-- EXERCISE GOAL --
The reply should hold only the lines below beginning at the one with "So I've got" and ending at the one with "If you don't", copied exactly, with every picture left out.

-- RECORDED INFORMATION --
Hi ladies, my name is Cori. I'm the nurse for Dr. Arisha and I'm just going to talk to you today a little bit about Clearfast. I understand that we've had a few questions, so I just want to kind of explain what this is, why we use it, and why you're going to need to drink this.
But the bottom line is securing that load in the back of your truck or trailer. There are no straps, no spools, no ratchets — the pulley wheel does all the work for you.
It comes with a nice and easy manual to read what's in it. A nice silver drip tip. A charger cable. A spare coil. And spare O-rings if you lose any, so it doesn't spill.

--

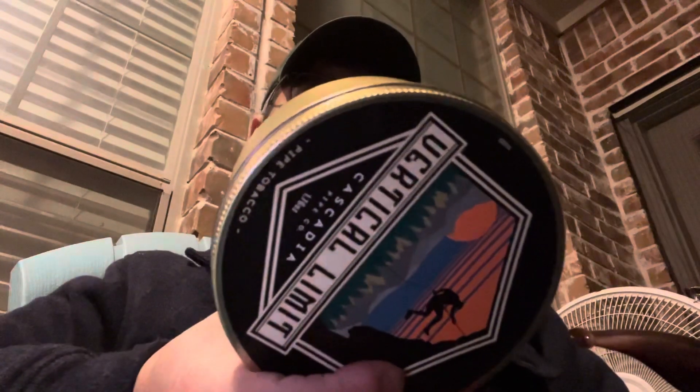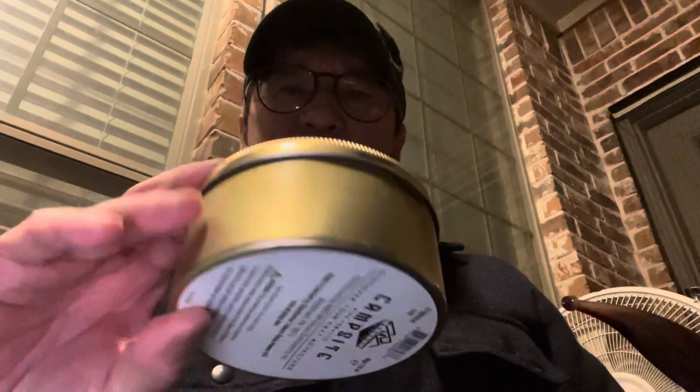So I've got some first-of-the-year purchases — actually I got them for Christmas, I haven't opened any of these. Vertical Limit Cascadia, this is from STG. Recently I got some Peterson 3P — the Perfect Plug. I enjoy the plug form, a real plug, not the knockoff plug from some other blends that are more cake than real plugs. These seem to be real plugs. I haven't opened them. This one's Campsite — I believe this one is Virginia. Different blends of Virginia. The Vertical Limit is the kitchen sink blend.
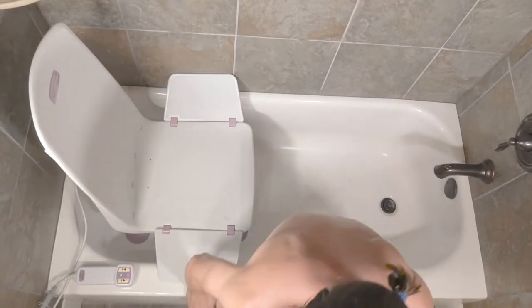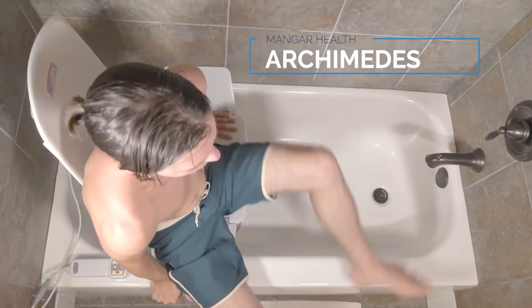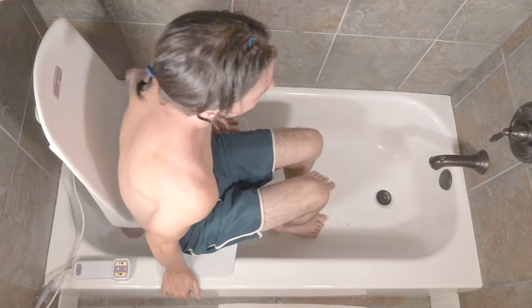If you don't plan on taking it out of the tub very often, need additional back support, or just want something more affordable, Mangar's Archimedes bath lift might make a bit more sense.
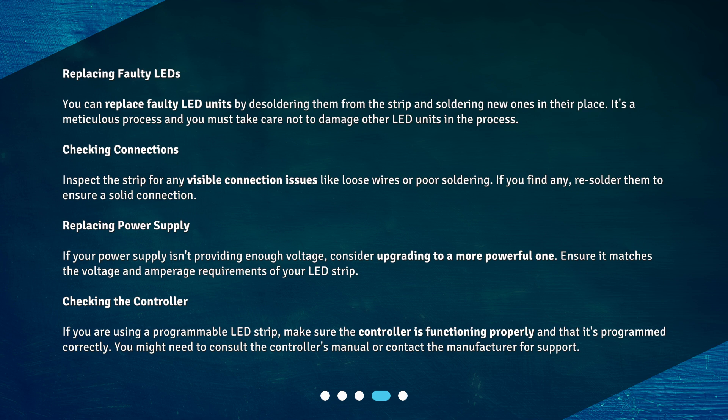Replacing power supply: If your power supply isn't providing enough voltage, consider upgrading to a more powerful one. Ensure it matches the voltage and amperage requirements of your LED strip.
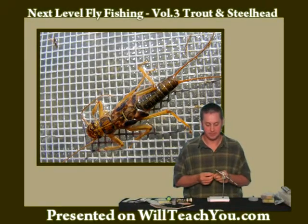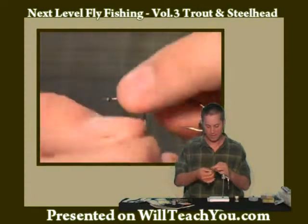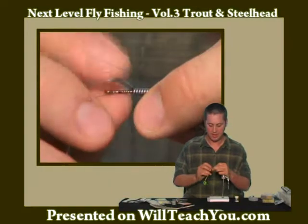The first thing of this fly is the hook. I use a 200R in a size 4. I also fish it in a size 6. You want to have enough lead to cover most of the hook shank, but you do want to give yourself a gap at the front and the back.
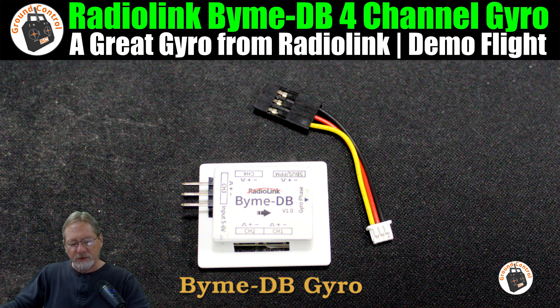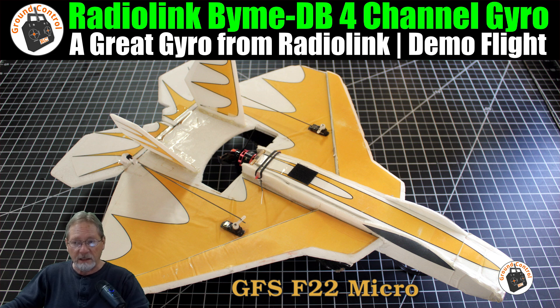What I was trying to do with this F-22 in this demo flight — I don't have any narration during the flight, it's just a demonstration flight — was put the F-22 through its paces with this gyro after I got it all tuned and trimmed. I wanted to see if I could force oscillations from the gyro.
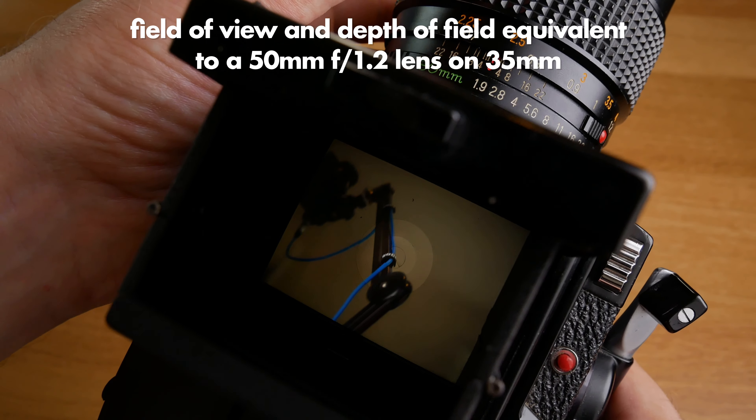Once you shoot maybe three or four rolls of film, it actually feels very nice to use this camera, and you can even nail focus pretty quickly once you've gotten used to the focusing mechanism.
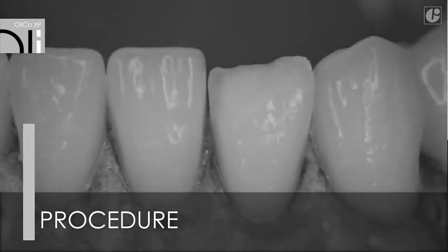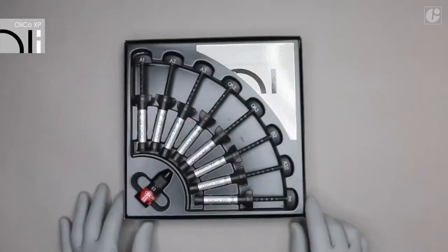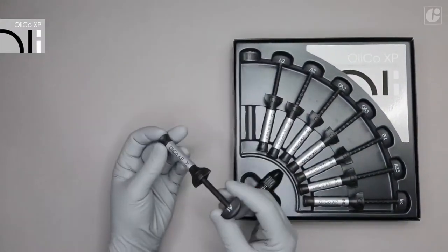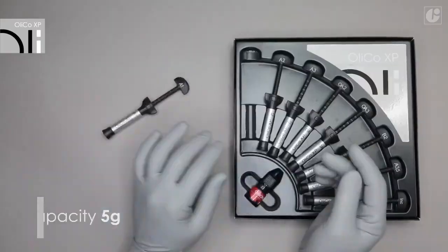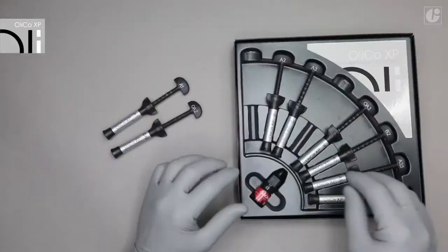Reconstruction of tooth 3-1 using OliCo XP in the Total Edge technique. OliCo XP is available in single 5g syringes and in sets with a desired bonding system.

---

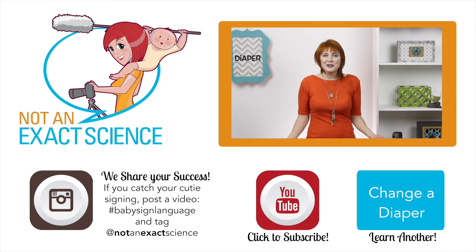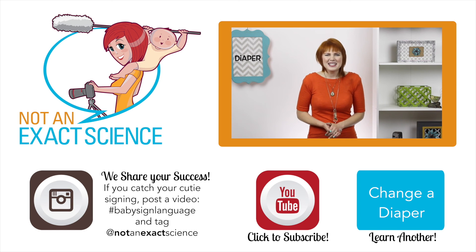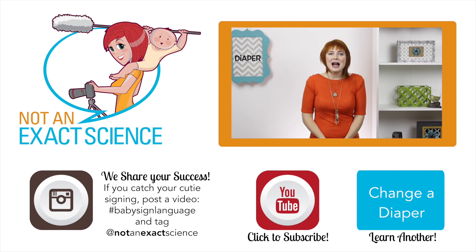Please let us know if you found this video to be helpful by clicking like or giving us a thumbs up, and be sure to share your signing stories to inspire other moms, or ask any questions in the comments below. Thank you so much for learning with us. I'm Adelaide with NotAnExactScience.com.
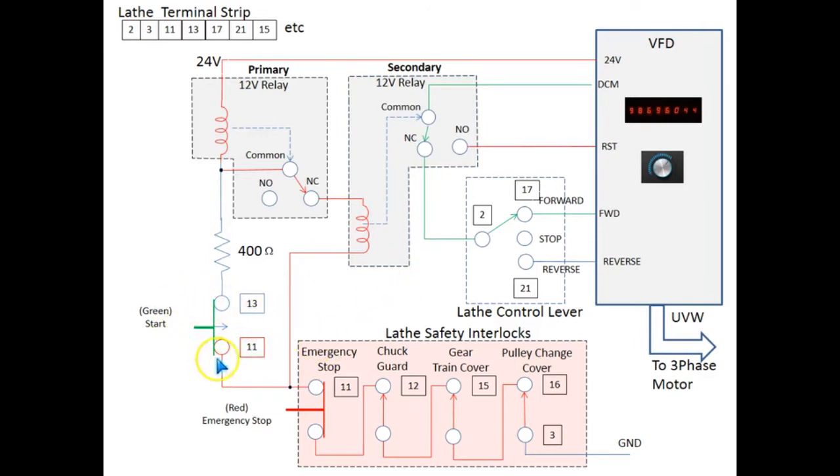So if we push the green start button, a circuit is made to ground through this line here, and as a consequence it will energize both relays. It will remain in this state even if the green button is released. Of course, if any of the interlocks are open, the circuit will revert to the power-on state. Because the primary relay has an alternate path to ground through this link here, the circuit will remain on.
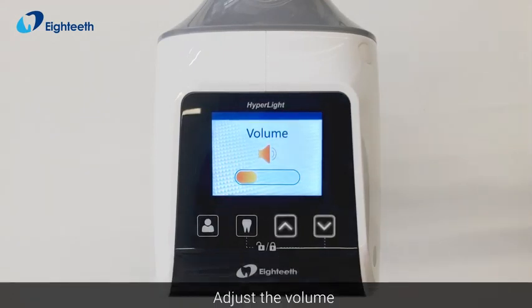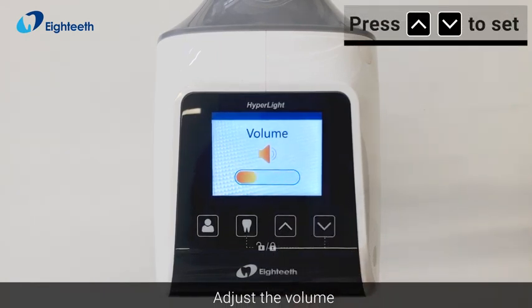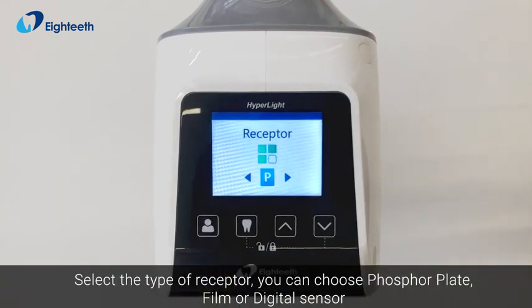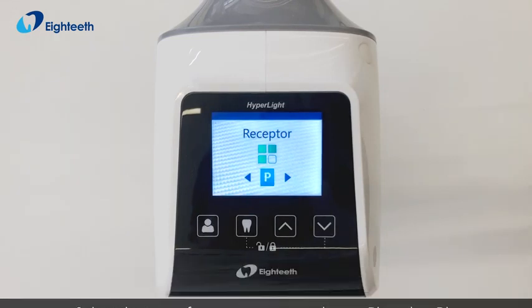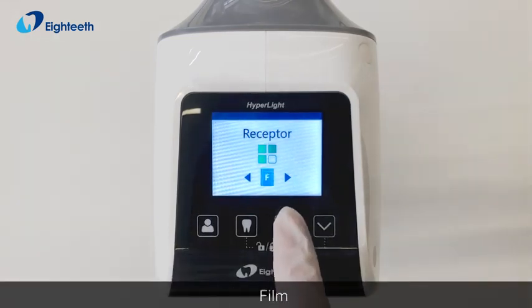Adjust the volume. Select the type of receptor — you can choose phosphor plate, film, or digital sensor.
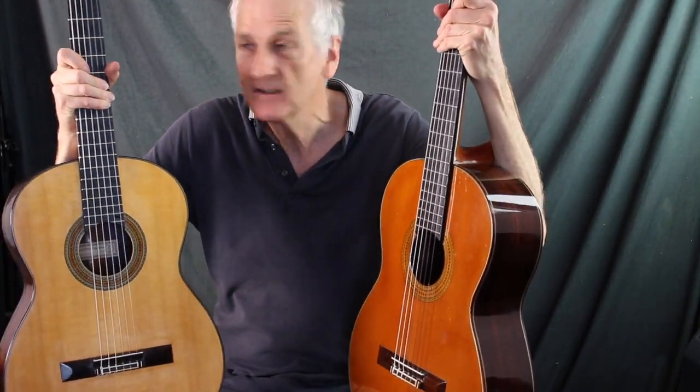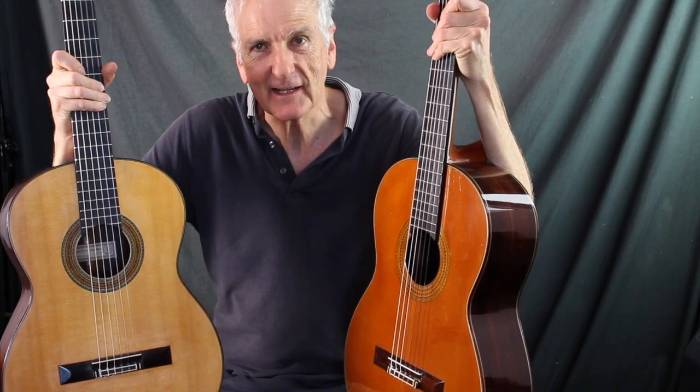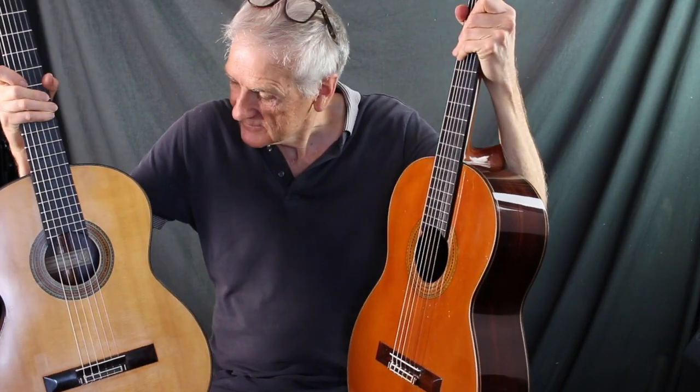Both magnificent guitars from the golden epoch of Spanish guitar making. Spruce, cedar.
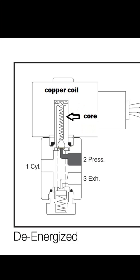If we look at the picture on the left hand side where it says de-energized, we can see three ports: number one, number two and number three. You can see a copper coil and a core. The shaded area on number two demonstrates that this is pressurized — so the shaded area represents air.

-- RESPONSE TO THE EXERCISE --
So I've got some first-of-the-year purchases — actually I got them for Christmas, I haven't opened any of these. Vertical Limit Cascadia, this is from STG. Recently I got some Peterson 3P — the Perfect Plug. I enjoy the plug form, a real plug, not the knockoff plug from some other blends that are more cake than real plugs. These seem to be real plugs. I haven't opened them. This one's Campsite — I believe this one is Virginia. Different blends of Virginia. The Vertical Limit is the kitchen sink blend.
If you don't plan on taking it out of the tub very often, need additional back support, or just want something more affordable, Mangar's Archimedes bath lift might make a bit more sense.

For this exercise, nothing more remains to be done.